On this side of our graves, our victory can look an awful lot like defeat. That is why Paul emphasizes the “in Christ” stuff so much. It must be trusted and believed for Christ’s sake. In this world, you must walk by faith in Him and not by sight. For the victory Jesus gives looks like a Cross and a tomb. No matter what other people say about the victorious Christian life bringing success for all the world to see, most of the time it looks nothing like that. Paul describes it as being filled with failures, tribulations, distresses, persecutions, famines, nakedness, dangers and violence. Paul makes sure we know that this is not just his idea, but that the OT people said it too. Psalm 44 describes the godly life as facing death all day long. The sheep following Good Shepherd Jesus are seen as sheep being led to the slaughter. Hardly what the world would describe as victorious.

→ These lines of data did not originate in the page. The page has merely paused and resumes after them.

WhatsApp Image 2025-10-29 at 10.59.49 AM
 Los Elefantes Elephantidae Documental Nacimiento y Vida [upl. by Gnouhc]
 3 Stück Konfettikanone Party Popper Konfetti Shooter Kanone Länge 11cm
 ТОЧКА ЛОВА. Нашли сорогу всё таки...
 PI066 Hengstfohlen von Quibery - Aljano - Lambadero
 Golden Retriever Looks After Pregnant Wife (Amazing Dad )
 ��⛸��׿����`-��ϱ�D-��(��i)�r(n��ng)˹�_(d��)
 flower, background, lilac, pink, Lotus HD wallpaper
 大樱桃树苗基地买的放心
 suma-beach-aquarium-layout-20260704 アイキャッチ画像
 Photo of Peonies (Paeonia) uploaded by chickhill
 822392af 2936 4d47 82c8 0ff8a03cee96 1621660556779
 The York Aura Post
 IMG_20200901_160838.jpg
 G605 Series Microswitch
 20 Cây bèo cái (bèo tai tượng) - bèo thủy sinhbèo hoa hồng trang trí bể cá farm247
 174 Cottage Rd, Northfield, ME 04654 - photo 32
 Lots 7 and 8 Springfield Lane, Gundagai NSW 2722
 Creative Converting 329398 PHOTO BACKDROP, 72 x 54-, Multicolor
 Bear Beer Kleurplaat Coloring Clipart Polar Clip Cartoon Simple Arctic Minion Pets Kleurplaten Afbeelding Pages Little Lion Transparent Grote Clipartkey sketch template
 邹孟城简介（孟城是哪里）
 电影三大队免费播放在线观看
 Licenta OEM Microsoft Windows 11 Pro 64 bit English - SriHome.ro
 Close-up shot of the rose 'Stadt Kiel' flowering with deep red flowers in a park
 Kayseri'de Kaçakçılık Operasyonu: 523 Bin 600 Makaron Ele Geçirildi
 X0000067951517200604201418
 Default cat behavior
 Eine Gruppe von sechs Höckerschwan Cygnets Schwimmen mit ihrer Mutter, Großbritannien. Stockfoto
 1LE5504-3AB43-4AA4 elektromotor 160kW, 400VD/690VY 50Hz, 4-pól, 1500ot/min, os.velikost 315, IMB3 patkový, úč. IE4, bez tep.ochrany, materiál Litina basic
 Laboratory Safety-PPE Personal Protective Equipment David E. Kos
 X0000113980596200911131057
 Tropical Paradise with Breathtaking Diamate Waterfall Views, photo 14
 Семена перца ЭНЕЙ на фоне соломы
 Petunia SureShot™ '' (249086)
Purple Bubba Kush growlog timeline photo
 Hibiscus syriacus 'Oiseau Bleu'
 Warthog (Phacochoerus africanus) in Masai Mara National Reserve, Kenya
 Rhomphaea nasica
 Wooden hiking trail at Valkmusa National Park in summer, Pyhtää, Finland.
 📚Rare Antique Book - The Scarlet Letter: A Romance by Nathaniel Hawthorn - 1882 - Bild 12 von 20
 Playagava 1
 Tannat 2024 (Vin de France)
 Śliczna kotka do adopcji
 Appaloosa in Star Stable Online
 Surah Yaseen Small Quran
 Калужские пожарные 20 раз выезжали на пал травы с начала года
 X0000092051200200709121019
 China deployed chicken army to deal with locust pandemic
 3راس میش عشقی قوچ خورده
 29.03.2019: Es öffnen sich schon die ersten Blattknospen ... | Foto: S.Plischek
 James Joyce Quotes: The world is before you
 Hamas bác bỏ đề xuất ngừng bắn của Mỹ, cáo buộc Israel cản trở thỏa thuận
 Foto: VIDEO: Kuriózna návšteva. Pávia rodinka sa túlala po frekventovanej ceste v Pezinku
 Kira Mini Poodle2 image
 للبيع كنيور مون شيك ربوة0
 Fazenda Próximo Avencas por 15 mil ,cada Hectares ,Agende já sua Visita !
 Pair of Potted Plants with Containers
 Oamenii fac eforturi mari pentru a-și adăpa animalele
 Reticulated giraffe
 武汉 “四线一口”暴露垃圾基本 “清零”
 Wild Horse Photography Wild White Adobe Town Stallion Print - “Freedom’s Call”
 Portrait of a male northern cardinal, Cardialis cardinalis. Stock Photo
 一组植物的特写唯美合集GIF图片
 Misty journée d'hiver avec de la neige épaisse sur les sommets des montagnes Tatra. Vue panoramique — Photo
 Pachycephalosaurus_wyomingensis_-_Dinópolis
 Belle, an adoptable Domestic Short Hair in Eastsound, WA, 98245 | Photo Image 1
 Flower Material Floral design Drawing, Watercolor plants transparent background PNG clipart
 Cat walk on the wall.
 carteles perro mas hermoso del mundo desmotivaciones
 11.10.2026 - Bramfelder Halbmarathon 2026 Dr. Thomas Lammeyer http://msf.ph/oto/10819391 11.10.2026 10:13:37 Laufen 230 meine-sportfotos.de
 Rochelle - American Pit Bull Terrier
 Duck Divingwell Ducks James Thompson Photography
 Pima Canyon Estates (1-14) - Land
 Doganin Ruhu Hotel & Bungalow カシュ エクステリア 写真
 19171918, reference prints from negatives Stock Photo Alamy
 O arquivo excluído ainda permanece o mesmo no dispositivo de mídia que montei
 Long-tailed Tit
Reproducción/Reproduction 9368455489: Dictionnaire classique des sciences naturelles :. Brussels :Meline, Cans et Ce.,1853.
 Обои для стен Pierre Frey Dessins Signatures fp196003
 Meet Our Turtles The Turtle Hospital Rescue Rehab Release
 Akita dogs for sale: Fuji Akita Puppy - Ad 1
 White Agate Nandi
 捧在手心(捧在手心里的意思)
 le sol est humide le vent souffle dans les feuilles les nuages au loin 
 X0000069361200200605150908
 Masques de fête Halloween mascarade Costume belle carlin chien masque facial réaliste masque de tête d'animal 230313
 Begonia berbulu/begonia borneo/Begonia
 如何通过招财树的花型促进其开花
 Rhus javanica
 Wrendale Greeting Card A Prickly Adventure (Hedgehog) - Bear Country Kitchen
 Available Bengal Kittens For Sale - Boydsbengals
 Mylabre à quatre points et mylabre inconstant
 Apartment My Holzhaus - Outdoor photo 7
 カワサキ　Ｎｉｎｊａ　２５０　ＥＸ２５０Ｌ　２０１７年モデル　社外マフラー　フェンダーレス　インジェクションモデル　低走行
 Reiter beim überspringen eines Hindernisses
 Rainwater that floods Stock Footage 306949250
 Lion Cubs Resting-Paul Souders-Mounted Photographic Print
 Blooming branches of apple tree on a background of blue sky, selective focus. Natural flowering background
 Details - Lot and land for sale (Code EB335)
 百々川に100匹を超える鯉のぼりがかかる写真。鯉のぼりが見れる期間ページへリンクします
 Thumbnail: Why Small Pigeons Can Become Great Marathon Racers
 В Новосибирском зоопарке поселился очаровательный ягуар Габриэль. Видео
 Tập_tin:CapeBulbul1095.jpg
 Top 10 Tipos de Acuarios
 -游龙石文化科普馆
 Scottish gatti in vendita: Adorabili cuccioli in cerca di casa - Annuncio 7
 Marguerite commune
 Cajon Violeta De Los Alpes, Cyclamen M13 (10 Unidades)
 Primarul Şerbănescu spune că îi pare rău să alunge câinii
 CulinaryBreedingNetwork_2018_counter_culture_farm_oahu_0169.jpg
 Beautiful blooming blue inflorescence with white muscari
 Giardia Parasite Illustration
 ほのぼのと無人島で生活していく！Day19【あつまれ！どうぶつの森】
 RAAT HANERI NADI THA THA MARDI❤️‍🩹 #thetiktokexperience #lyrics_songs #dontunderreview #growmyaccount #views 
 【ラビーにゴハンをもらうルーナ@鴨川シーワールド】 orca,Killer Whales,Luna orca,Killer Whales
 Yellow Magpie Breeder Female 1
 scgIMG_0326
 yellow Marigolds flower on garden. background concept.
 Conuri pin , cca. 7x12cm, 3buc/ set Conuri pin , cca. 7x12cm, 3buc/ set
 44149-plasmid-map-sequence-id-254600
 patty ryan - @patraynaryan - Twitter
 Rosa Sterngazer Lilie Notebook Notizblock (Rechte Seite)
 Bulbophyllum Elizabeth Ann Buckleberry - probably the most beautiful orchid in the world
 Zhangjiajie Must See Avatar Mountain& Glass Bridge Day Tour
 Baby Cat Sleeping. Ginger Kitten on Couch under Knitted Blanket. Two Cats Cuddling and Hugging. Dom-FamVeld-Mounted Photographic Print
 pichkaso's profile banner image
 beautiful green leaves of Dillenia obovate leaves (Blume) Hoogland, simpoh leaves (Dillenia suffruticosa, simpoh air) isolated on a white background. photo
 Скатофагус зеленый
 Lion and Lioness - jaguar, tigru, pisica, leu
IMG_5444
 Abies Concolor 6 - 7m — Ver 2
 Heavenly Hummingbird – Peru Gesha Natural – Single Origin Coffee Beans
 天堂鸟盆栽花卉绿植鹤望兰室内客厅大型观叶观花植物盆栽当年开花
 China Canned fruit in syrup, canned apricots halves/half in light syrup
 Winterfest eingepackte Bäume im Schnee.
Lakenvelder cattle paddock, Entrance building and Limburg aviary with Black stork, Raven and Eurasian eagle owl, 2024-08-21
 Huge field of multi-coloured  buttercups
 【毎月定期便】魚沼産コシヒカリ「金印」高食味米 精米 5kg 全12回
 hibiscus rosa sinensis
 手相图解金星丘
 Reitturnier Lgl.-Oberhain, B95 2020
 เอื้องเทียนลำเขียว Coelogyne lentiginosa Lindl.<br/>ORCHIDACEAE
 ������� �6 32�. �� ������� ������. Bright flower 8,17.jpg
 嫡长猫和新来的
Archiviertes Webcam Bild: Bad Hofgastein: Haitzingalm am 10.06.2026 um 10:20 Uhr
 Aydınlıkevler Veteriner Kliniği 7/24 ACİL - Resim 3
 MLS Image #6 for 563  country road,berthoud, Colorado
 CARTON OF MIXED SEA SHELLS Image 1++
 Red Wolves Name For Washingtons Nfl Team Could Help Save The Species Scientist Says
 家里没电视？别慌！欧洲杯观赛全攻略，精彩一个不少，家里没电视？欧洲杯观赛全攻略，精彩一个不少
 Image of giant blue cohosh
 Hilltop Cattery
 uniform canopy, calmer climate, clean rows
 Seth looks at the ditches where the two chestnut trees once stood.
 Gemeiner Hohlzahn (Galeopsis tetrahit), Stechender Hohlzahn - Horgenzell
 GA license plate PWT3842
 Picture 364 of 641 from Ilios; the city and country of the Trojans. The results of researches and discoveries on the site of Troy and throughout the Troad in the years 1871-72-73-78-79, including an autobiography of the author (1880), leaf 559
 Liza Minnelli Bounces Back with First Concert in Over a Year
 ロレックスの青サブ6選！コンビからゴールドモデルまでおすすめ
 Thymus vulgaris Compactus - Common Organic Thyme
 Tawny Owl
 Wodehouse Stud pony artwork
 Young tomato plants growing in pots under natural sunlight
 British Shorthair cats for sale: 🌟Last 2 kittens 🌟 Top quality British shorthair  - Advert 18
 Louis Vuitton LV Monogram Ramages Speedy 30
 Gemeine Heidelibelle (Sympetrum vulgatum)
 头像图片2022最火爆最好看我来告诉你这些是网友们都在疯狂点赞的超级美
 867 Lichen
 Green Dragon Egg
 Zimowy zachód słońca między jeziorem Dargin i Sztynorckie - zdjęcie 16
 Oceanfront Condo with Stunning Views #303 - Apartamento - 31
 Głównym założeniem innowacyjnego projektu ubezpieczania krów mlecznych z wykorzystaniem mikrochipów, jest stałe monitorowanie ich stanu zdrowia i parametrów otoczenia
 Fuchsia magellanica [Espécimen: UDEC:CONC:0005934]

Thus Paul emphasizes how important it is for us to be in, with, and under Christ. For only there is your destiny, your justification, your glorification a done deal. At your baptism, God put you into the safest place there is – the death and life of Jesus. Only here is everything worked out for your good. Only here can you say to your dying day: “For I am sure that neither death nor life, nor angels nor rulers, nor things present nor things to come, nor powers, 39nor height nor depth, nor anything else in all creation, will be able to separate us from the love of God in Christ Jesus our Lord.” Amen.